> DATA FOR REVIEW:
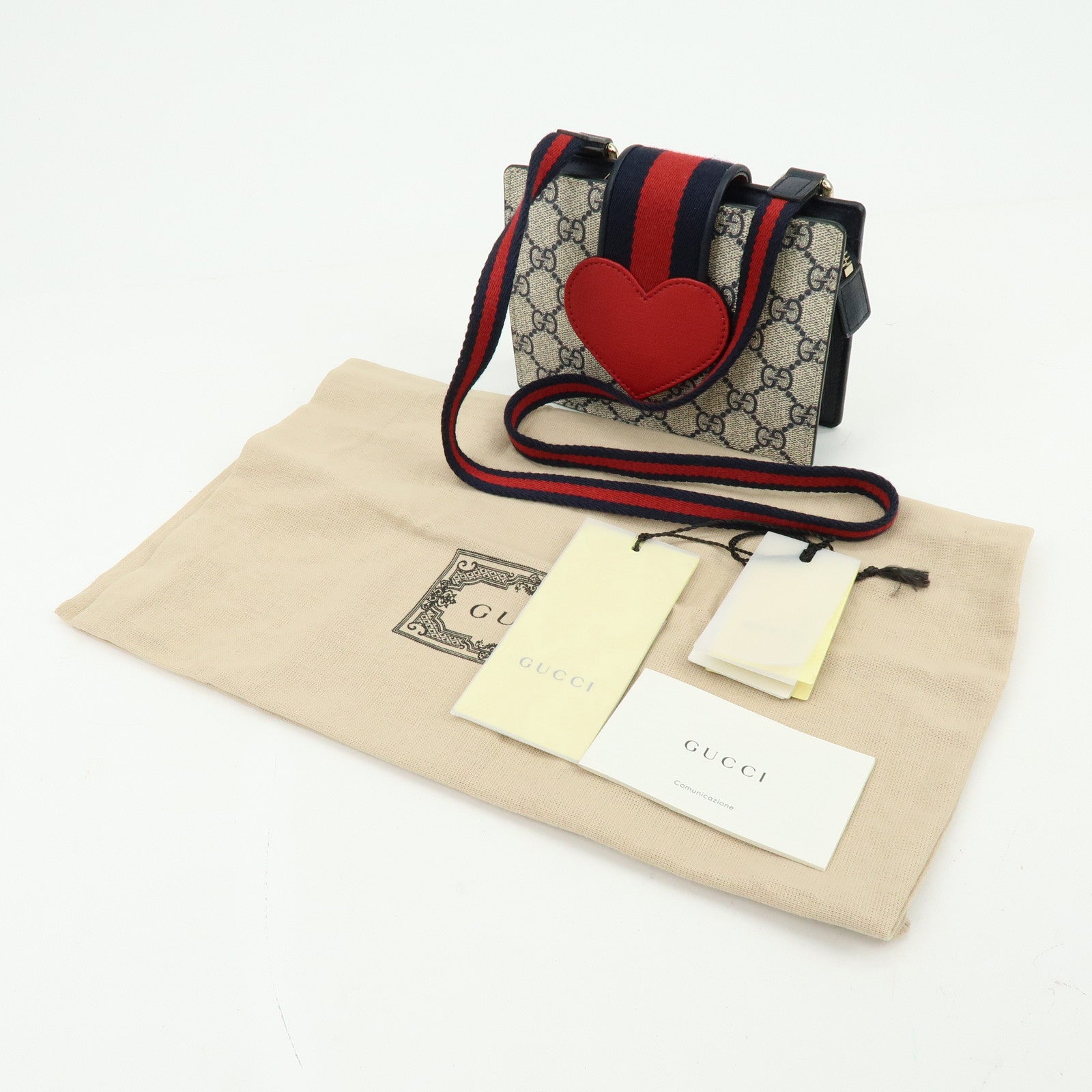 GUCCI Sherry Heart GG Supreme Shoulder Bag Beige Navy 293830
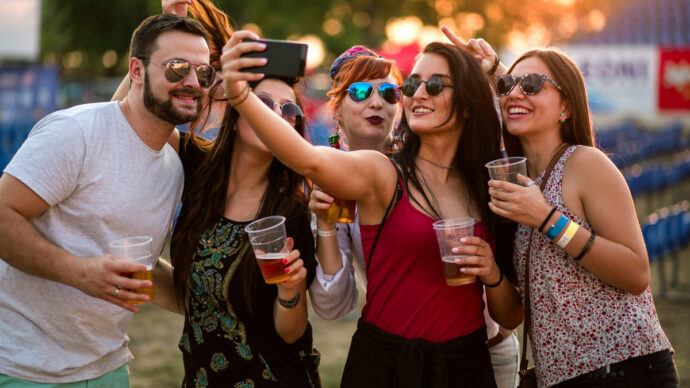 Estudio revela que la Gen Z está bebiendo menos alcohol en los conciertos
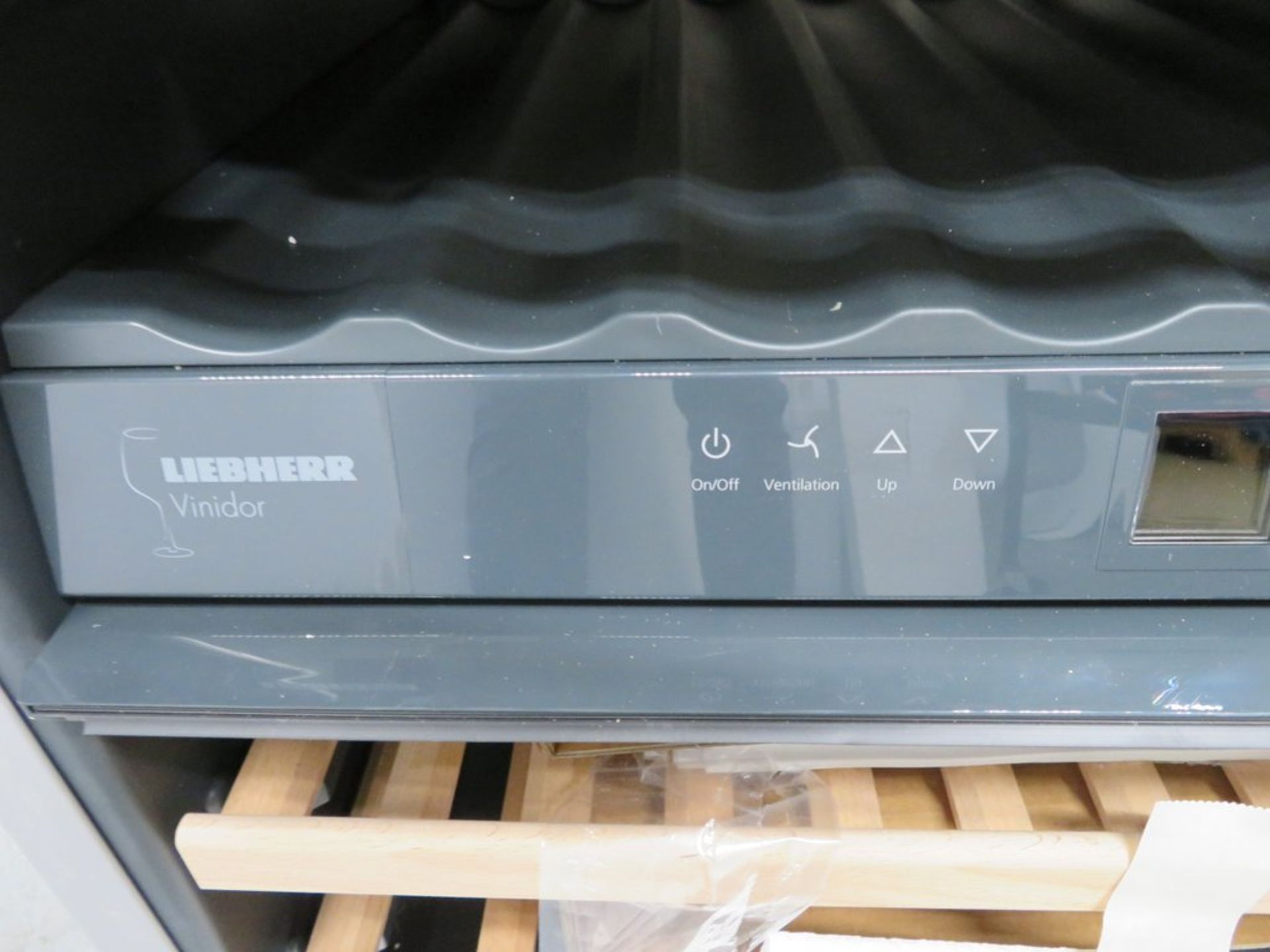Liebherr 34 Bottle Under Counter Multi Temperature Wine Storage Cabinet. Model: UWT1682. - Image 6 of 15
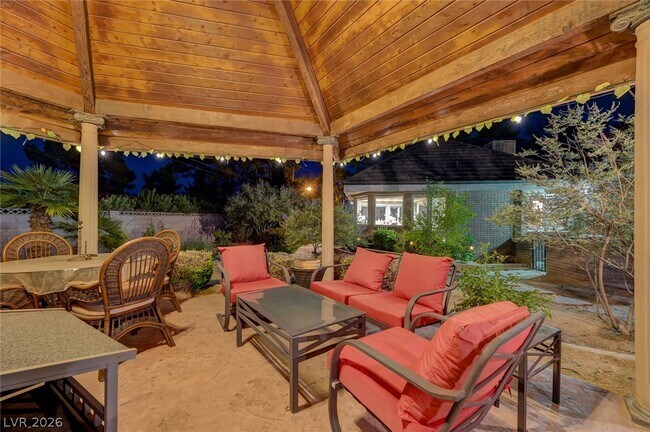 Building Photo - 7258 Loma Alta Cir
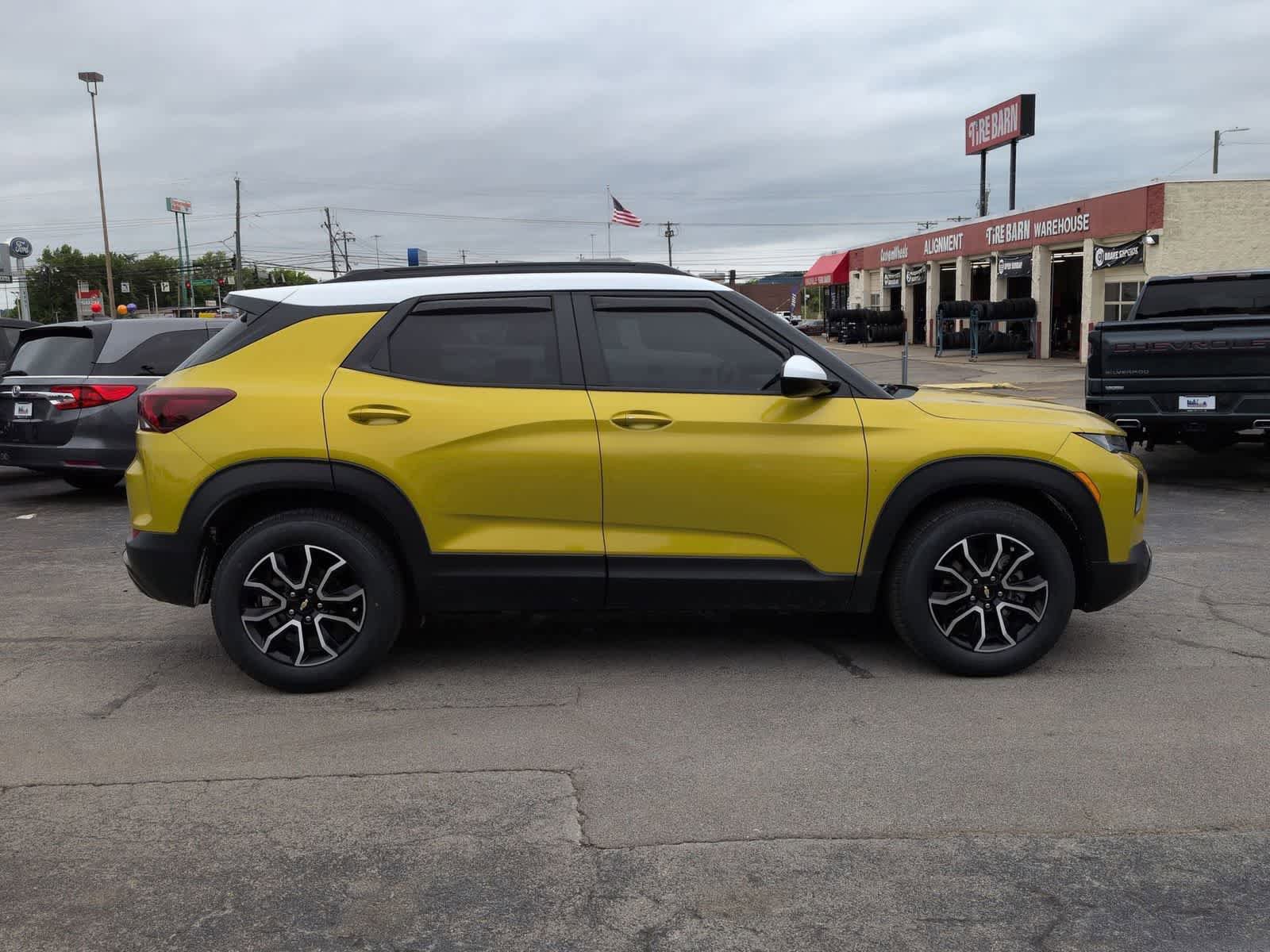 Used 2023 Chevrolet TrailBlazer ACTIV w/ Sun and Liftgate Package AWD/4WD image 9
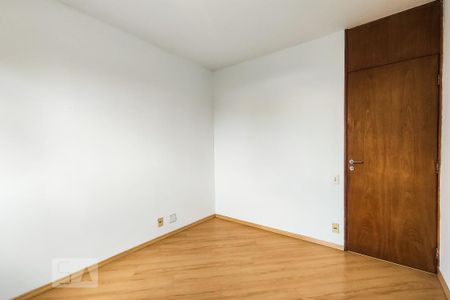 Apartamento à venda com 64m², 3 quartos e 1 vagaQuarto 2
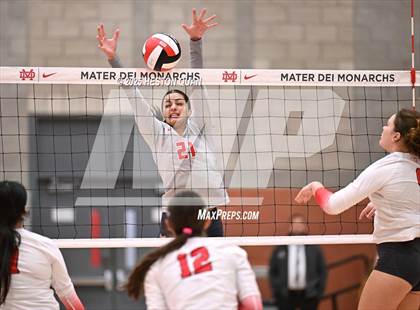 Thumbnail 3 in Mater Dei vs. Redondo Union (CIF State Open First Round Playoffs) photogallery.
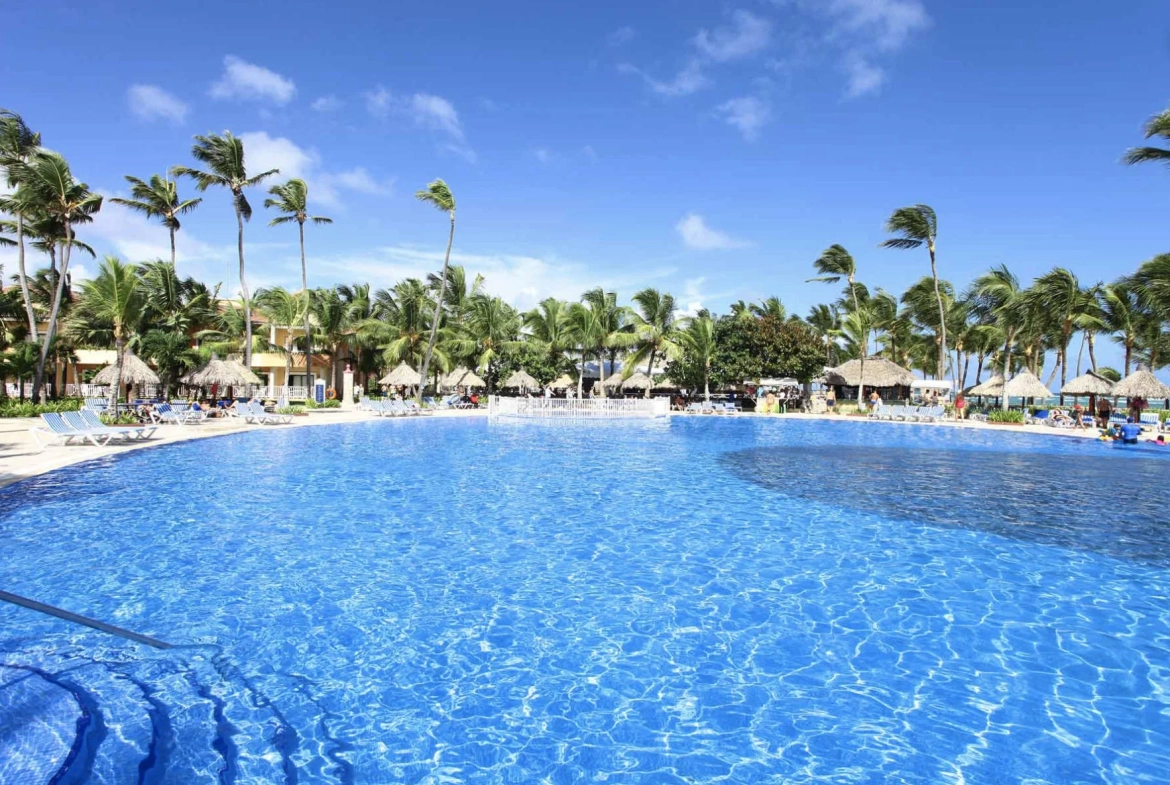 Bahia Principe Privilege Club Pool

> EXERCISE OBJECTIVE: Skip the pictures and quote each line of the entries above, from the first through the line with "Used 2023 Chevrolet", exactly as it appears.

> WRITTEN ANSWER:
 GUCCI Sherry Heart GG Supreme Shoulder Bag Beige Navy 293830
 Estudio revela que la Gen Z está bebiendo menos alcohol en los conciertos
Liebherr 34 Bottle Under Counter Multi Temperature Wine Storage Cabinet. Model: UWT1682. - Image 6 of 15
 Building Photo - 7258 Loma Alta Cir
 Used 2023 Chevrolet TrailBlazer ACTIV w/ Sun and Liftgate Package AWD/4WD image 9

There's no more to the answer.